Creator Of The Stanley Parable Says Some Profound Things About 'Success'

Davey Wredon is the writer of the critically acclaimed The Stanley Parable, the innovative, smart piece of work that somehow managed to be an entertaining, well-made video game that brilliantly skewered all video games. Now the game has been commercially successful, and lauded in the games media, Davet Wredon is perfectly placed to discuss the concept of 'success' and what it meant to him personally. You might be surprised by how it has affected him.

In order to make sense of how success has changed his life — sometimes for the worse — Wredon created a comic.

"The point of the comic was purely just to clarify that financial and critical success does not simply make your insecurities go away," he wrote. "If you were insecure about other peoples' opinions of you and addicted to praise in order to feel good about yourself, the dirty truth is that there is no amount of praise you can receive that will make that insecurity goes away. What fire dies when you feed it?"

Wredon clearly doesn't like too much attention, so I was in two minds about posting this. But I do think he raises some important issues about how we treat one another online, and how that affects other people.

Davey Wredon puts it better himself:

Obviously you get to do whatever you want, that's how this creator/audience thing works, and no matter what happens I'll be fine. But I want to stress that the weight I have carried is real and it is heavy. And despite my trepidation about posting this online, I really do want to share it with you. I want to be able to show you this weight, to put you in my head. I am compelled to. It is just in my blood. I have no other explanation. Thank you for joining me.


Comments

    And then once Wredon wins GOTY:

    This is a story of a man named Davey.

    Davey worked for himself in a small building, where he was employee number 1.

    ...

    Sorry, I just dont understand all this whinging lately about "success". I swear these guys have some serious issues if their only complaint is that they're making a living out of their passion... its like the Flappy Bird guy; "my work is loved by millions of people.... so now i'm sad."

    As an independent game developer, I'd kill for this kind of success - even half the attention these games have been getting (let alone recognition for your work - i.e. awards). Want to know what's REALLY sad? Working years on a game no one plays. Now THAT is depressing. 99% of indie devs know this pain... these "one hit wonders" have it good.

    Davey brings up a good point, albeit a little melodramatically.

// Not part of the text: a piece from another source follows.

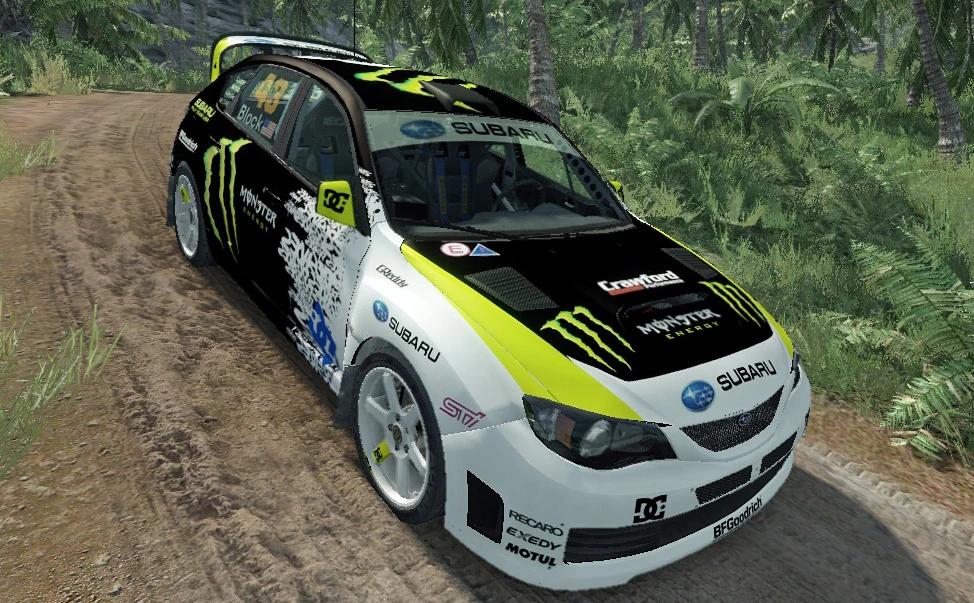 Crysis "Раллийная машина - Subaru Impreza WRX STi Кена Блока"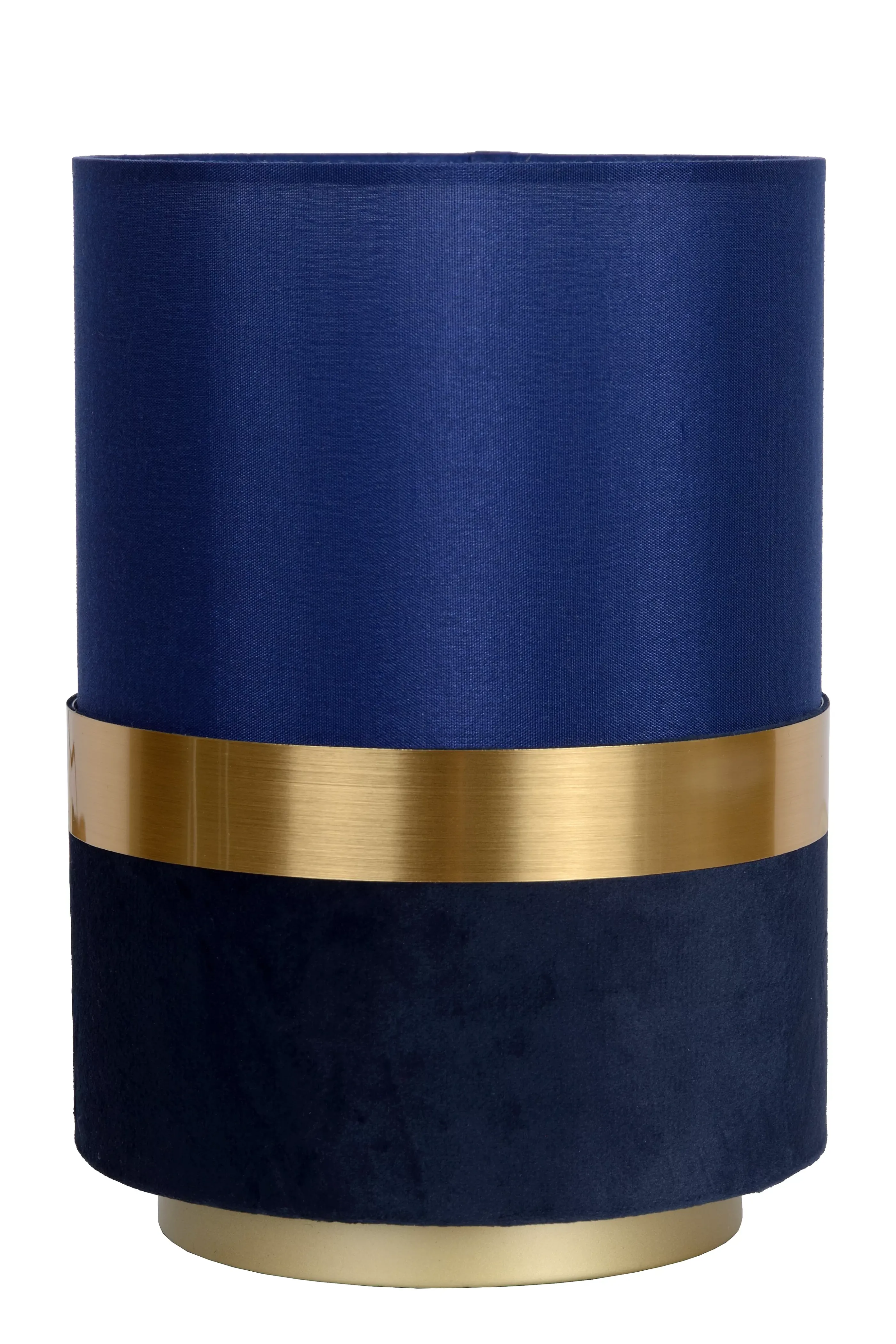 New EXTRAVAGANZA TUSSE - Tafellamp - Ø 15 cm - 1xE14 - Blauw Tafellampen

    Praise is addictive. Like all addictions, we crave it the more we get it. You know you're addicted when, if it is not received, you feel empty and despondent. When you obsess about it to the detriment of other factors in your life. The absence of that praise can mimic a withdrawal effect.

    It helps if you mentally voice the phrase "fuck it, I don't care what others think". It's not that you don't care, but it does help to alleviate the worry about the opinion of others. Balances things out.

      Have an upvote, to undo all your hard work and feed your addiction. :)

        Oh the humanity!

        More upvotes. Need moar!

    I cannot think of anything more horrifying than the Stanley Parable being nominated for a "Game of The Year Award". Not because it wasn't a great gamey-type-thing; Wredon made a fine creation and he should be proud. But if this meta-narrative on the terribleness of games is the best thing we've made in 12 months then the industry clearly has its head so far up itself that there is possibly no hope of redemption. Besides which Gone Home came out in the same 12 month period, and clearly when the putative knocks against Gone Home are largely just that it's "short" and "not a game" then Stanley doesn't have much of a comparitive leg to stand on.

    Reading that kind of makes me feel a bit bad for the guys who make games like Call of Duty and the like. Everyone praises certain games while anything subsequent gets shitted on for not being as good. Living in your own shadow must be difficult, because you either have to try and replicate your successful formula (satisfying calls for "more!" but inviting "it's more of the same!" criticism) or trying something new and getting lambasted for not giving the people what they want. Damned if you do damned if you don't really.

      It'd be particularly brutal if you've been working on something like Duke Nukem Forever, or something else for like.... 5+ years of your life. Can you imagine the result of 5+ years of your career being critically panned and held up as an example of what's wrong with an industry? And you're sitting there going, "Yeah, but did you like the textures you fuckers? I DID THAT. THEY WERE GOOD, GODAMMIT."

    The three fingers over the bar at the end pretty much confirms Davey has been contracted to finish Halflife 3 on weekends. Yes.

    Last edited 03/03/14 5:07 pm

    On the one hand, I know the feeling of wanting to succeed and feel like the things you do are worth something to people other than yourself. On the other hand, it sounds a bit like; "I'm so popular and it's just so hard having my thing that I made be liked by so many people. Everyone should be telling me how good my thing is or I'll feel sad." Davey seems like the kind of guy who has his feet on the ground though, and it's always hard to talk about the pressures of success without sounding like you're complaining about being awesome.

    On a side note. Fire can die from feeding it. You can overfeed it and smother it, or you can feed it the wrong thing and kill it.